== Segment start ==

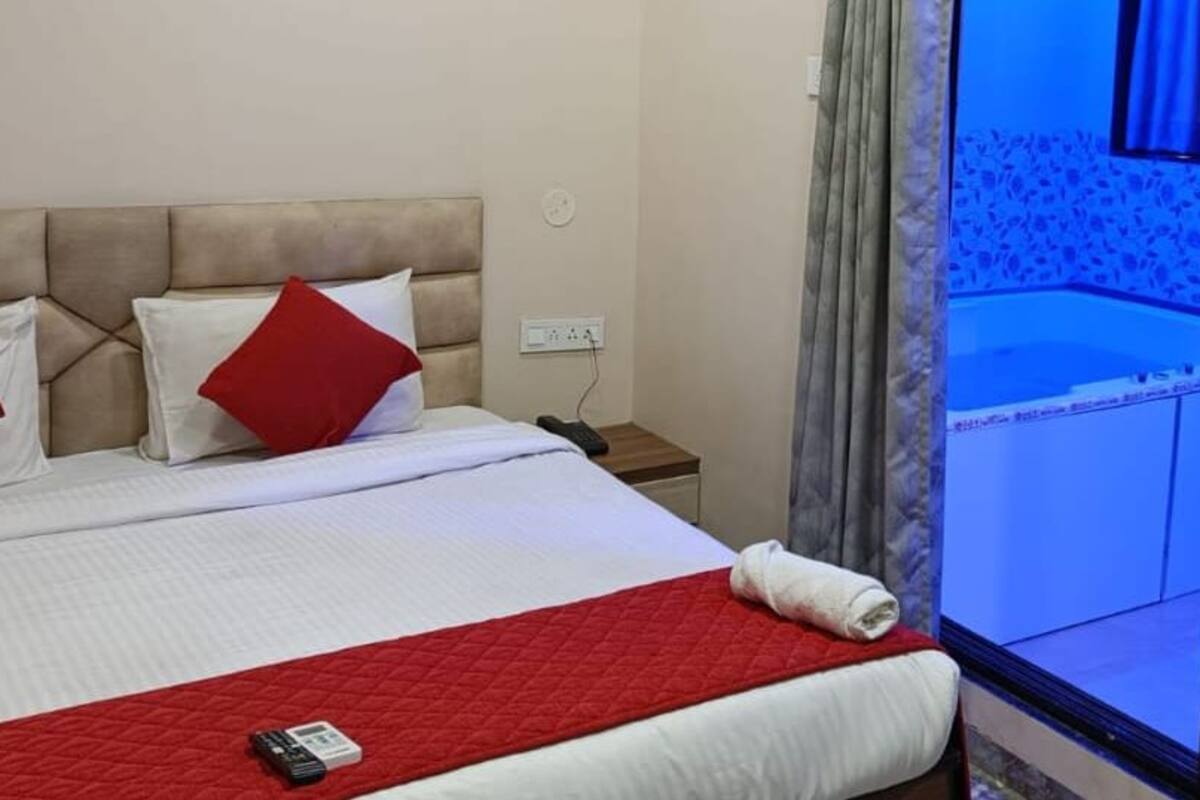 A hotel room with a bed, a red quilt, a white pillow, and a red pillow.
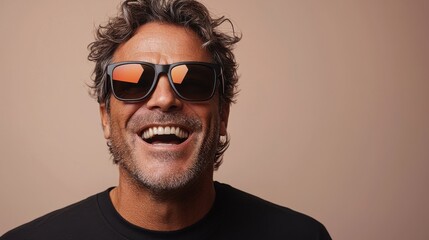Obraz premium A man with curly hair wearing sunglasses smiles warmly against a plain background during a sunny day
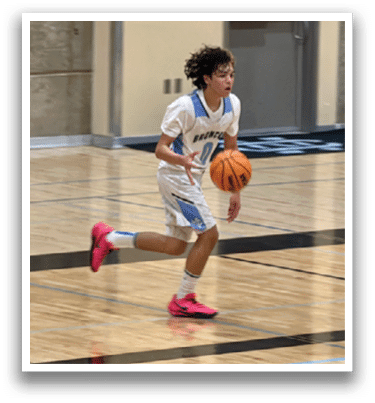 A basketball player in a white uniform is running with a basketball in his hand. AI generated content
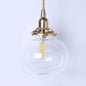 Stylish Oval Pendant Light in Brass with Glass Shade - Perfect for Cloth Shop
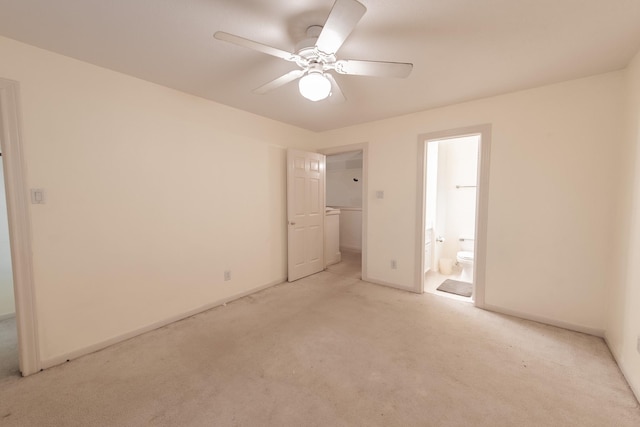 unfurnished bedroom featuring ceiling fan, light carpet, and ensuite bath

== Segment end ==

DIRECTIONS FOR THIS TASK:
Every line from the one bearing "Obraz premium A" through the end of the data above must be output exactly, and no picture may appear.

WRITTEN RESPONSE:
Obraz premium A man with curly hair wearing sunglasses smiles warmly against a plain background during a sunny day
 A basketball player in a white uniform is running with a basketball in his hand. AI generated content
 Stylish Oval Pendant Light in Brass with Glass Shade - Perfect for Cloth Shop
 unfurnished bedroom featuring ceiling fan, light carpet, and ensuite bath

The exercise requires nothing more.